Georgia’s possession of Bessi parallels the story of Ode in Onia, a folk tale of evil twins told by their Nigerian grandfather during their interlude in Nigeria. While in Nigeria, Georgia is sexually assaulted by Sedrick, the security guard at the villa. It is not clear how far the assault goes before it is interrupted by her older sister. There are fewer details than were given in an incident where a cockroach landed on Georgia in the garden and she had to be rescued. Georgia packs her traumatic experiences away, as if by imprisoning, she can keep them from haunting her. It only serves to make them more frightening and builds a barrier between her and the real world. She drifts further into the supernatural until she has to escape to an afterlife. She would have been more content among mortals if she had exorcised her demons.

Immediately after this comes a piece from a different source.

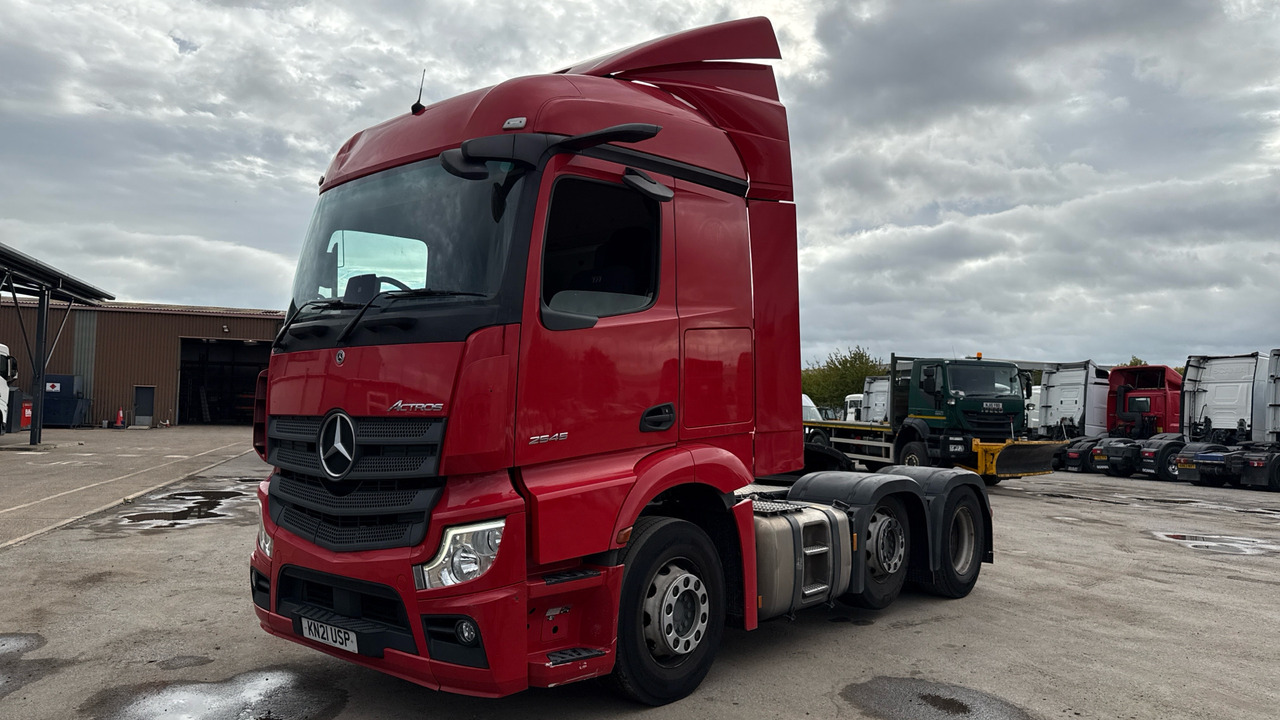 MERCEDES-BENZ ACTROS 2545 - Nyergesvontató: 2 kép. MERCEDES-BENZ ACTROS 2545 - Nyergesvontató: 2 kép.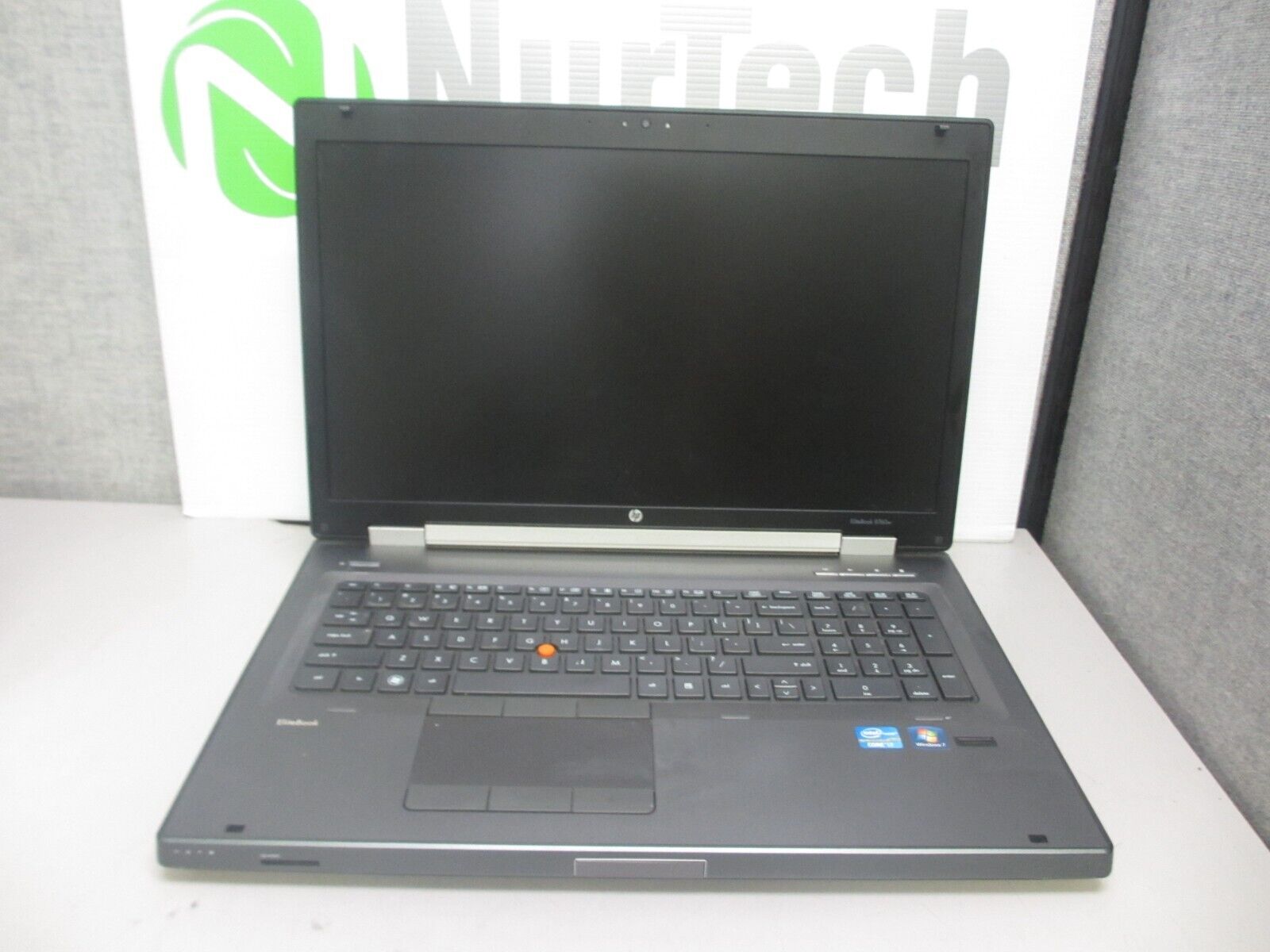 HP EliteBook 8760w 17.3'' i7-2620QM 2.7GHz 16GB/500GB DVDRW Laptop [No OS] +AC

Bessi and Georgia change. Bessi becomes more of this world. Georgia withdraws. Georgia tries to shield Bessi from the dark fears by keeping it all within. It is never clear if there was a pivotal event that led to Georgia’s eventual swaying and spinning danse macabre. It could just as well have been the premature collapse of the twins dream of a fabulous flapjack empire. After she leaves her body, she has no qualms about possessing Bessi’s. Bessi gives her the right half.
26a: A Novel (P.S.)
By: Diana Evans
Amazon Price: $13.95


Amanda said...

Okay, this is the most bizarre description for a book I've read in awhile John. Or maybe it's a description of the most bizarre book I've heard of in awhile. Either way, it's weird. did you enjoy it?

Booger said...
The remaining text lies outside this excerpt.